## WHAT YOU ARE ASKED TO DO
Give back exactly the lines of the material below that start at the line containing "Biología y Geología 1 ESO Anaya" and end at the line containing "The Ultimate $3,500", and no others.

## INFORMATION SHOWN
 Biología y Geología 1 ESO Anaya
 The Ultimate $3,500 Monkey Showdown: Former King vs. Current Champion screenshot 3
--
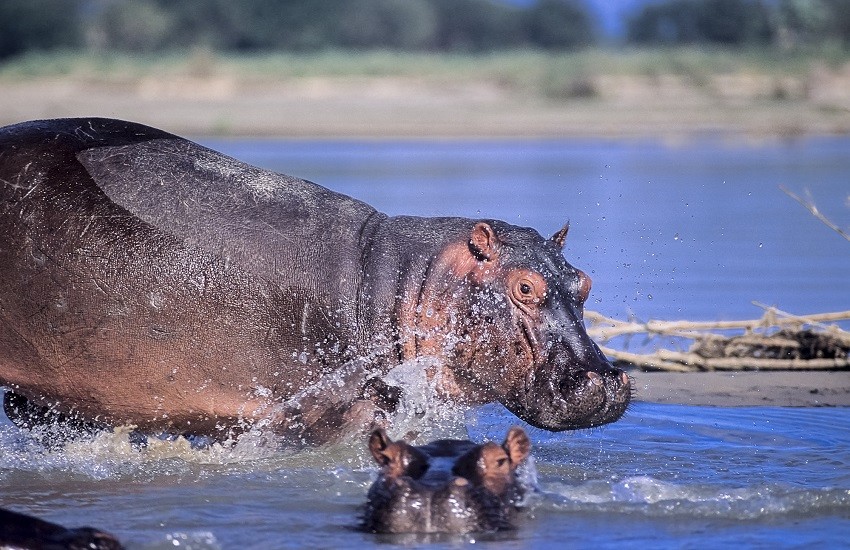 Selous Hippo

## ANSWER TO THIS PROBLEM
 Biología y Geología 1 ESO Anaya
 The Ultimate $3,500 Monkey Showdown: Former King vs. Current Champion screenshot 3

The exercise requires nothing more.